TASK TO CARRY OUT -> Exactly retype the lines from the top of the data through the line containing "Photo of Fairview", leaving out every picture.

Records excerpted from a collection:
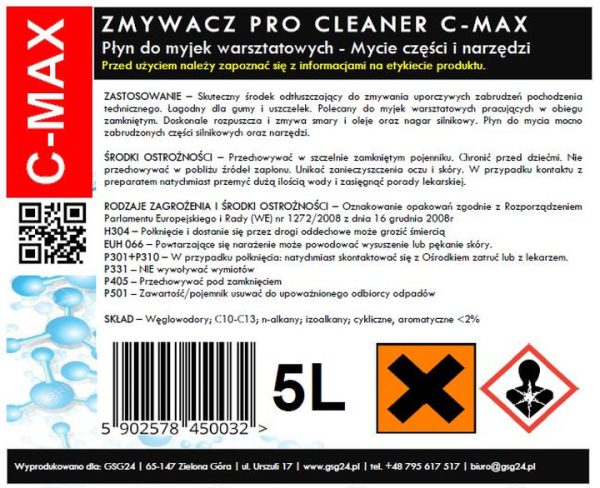 Šķidrs detaļu un instrumentu tīrītājs darbnīcas mazgāšanas iekārtām, PRO CLEANER C-MAX 5L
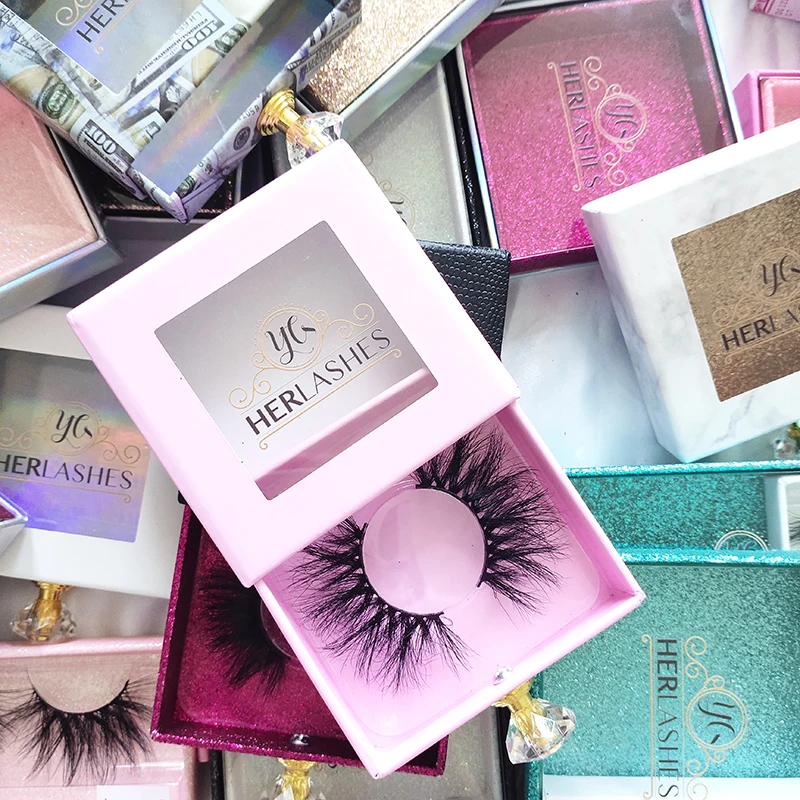 

Wholesale 3d Real Mink Natural Full Strip Lashes Fluffy Mink Eyelashes Package Box Vendors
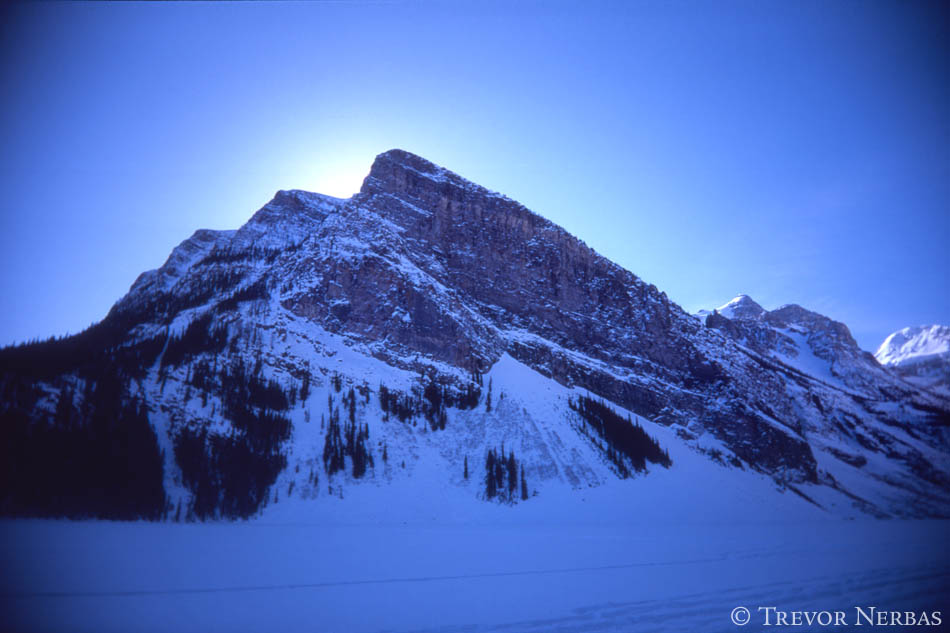 Photo of Fairview Mountain, taken from walking on frozen Lake Louise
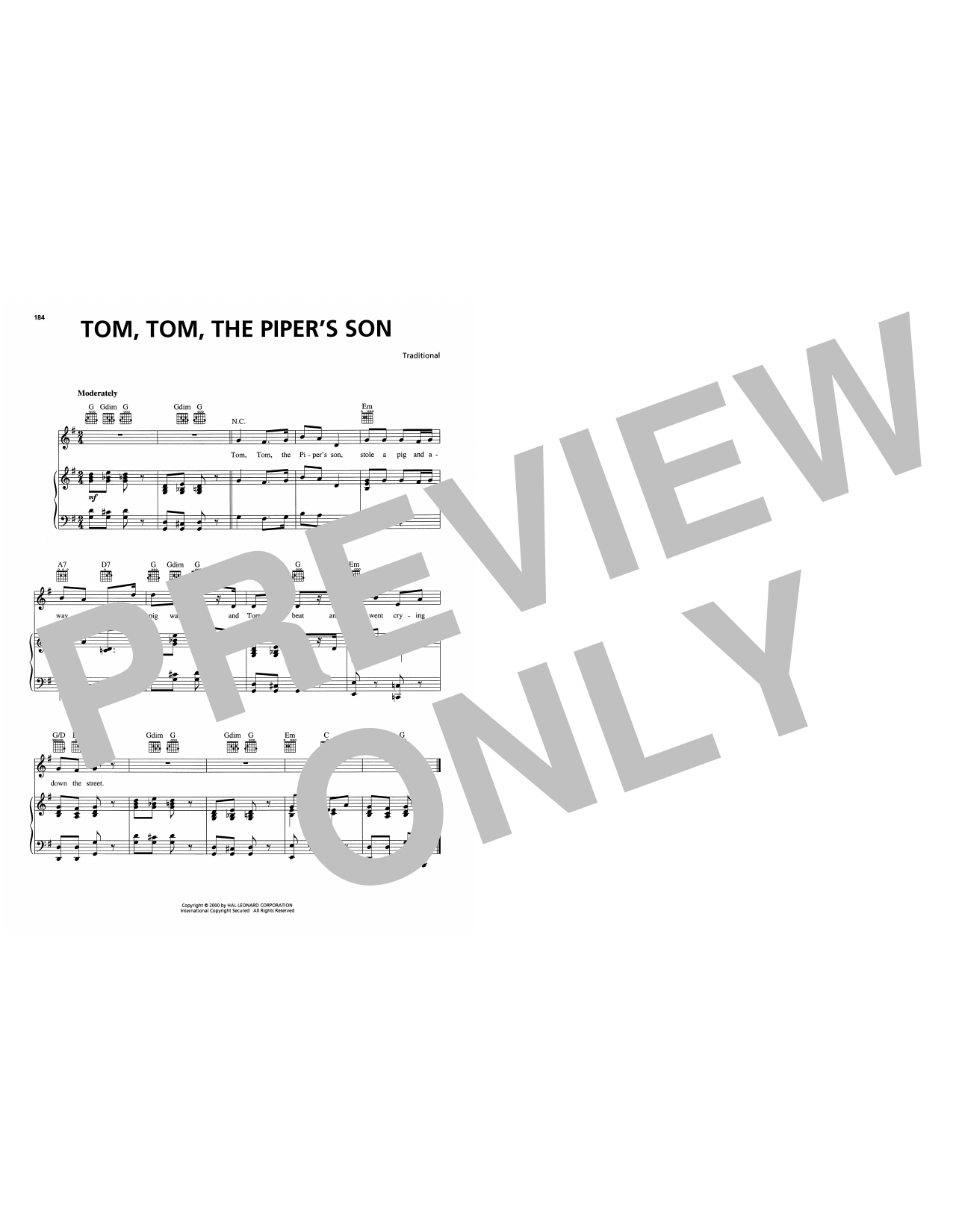 Download Traditional Tom, Tom, The Piper's Son Sheet Music and learn how to play Piano, Vocal & Guitar Chords (Right-Hand Melody) PDF digital score in minutes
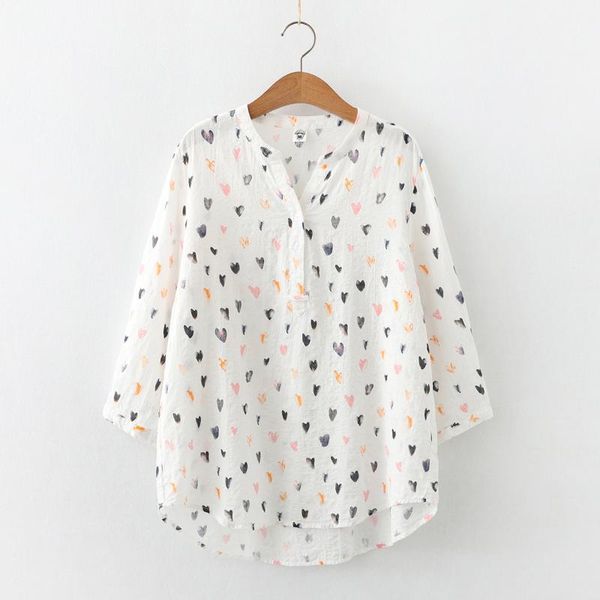 women's blouses & shirts chic v neck three quarter cotton women summer elegant loose love heart print colorful literary feminina, White
women's blouses & shirts chic v neck three quarter cotton women summer elegant loose love heart print colorful literary feminina, White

SOLUTION BELOW ->
 Šķidrs detaļu un instrumentu tīrītājs darbnīcas mazgāšanas iekārtām, PRO CLEANER C-MAX 5L

Wholesale 3d Real Mink Natural Full Strip Lashes Fluffy Mink Eyelashes Package Box Vendors
 Photo of Fairview Mountain, taken from walking on frozen Lake Louise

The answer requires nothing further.